REQUIRED WORK:
Every entry, from the first to the last, should be written out exactly.

Short web captions:
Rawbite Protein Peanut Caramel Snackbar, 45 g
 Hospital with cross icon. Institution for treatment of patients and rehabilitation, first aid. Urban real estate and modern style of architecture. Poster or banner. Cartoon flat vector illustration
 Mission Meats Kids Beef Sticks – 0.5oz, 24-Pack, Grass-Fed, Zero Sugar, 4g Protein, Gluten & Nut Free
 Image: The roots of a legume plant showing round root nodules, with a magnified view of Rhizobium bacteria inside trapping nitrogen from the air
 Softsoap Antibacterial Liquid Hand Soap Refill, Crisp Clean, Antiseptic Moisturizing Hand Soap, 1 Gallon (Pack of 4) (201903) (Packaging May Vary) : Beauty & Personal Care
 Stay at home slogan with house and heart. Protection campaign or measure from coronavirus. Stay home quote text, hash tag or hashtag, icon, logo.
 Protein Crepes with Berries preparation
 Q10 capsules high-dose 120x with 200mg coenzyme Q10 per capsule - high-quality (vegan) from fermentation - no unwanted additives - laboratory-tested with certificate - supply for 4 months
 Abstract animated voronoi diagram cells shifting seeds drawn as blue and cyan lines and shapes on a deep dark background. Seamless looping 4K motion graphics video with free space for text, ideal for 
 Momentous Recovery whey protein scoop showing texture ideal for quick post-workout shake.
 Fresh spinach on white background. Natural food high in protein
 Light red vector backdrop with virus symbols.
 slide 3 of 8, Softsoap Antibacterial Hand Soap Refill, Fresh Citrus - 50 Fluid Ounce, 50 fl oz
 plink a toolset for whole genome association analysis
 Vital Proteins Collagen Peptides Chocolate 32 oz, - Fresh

YOUR SOLUTION:
Rawbite Protein Peanut Caramel Snackbar, 45 g
 Hospital with cross icon. Institution for treatment of patients and rehabilitation, first aid. Urban real estate and modern style of architecture. Poster or banner. Cartoon flat vector illustration
 Mission Meats Kids Beef Sticks – 0.5oz, 24-Pack, Grass-Fed, Zero Sugar, 4g Protein, Gluten & Nut Free
 Image: The roots of a legume plant showing round root nodules, with a magnified view of Rhizobium bacteria inside trapping nitrogen from the air
 Softsoap Antibacterial Liquid Hand Soap Refill, Crisp Clean, Antiseptic Moisturizing Hand Soap, 1 Gallon (Pack of 4) (201903) (Packaging May Vary) : Beauty & Personal Care
 Stay at home slogan with house and heart. Protection campaign or measure from coronavirus. Stay home quote text, hash tag or hashtag, icon, logo.
 Protein Crepes with Berries preparation
 Q10 capsules high-dose 120x with 200mg coenzyme Q10 per capsule - high-quality (vegan) from fermentation - no unwanted additives - laboratory-tested with certificate - supply for 4 months
 Abstract animated voronoi diagram cells shifting seeds drawn as blue and cyan lines and shapes on a deep dark background. Seamless looping 4K motion graphics video with free space for text, ideal for 
 Momentous Recovery whey protein scoop showing texture ideal for quick post-workout shake.
 Fresh spinach on white background. Natural food high in protein
 Light red vector backdrop with virus symbols.
 slide 3 of 8, Softsoap Antibacterial Hand Soap Refill, Fresh Citrus - 50 Fluid Ounce, 50 fl oz
 plink a toolset for whole genome association analysis
 Vital Proteins Collagen Peptides Chocolate 32 oz, - Fresh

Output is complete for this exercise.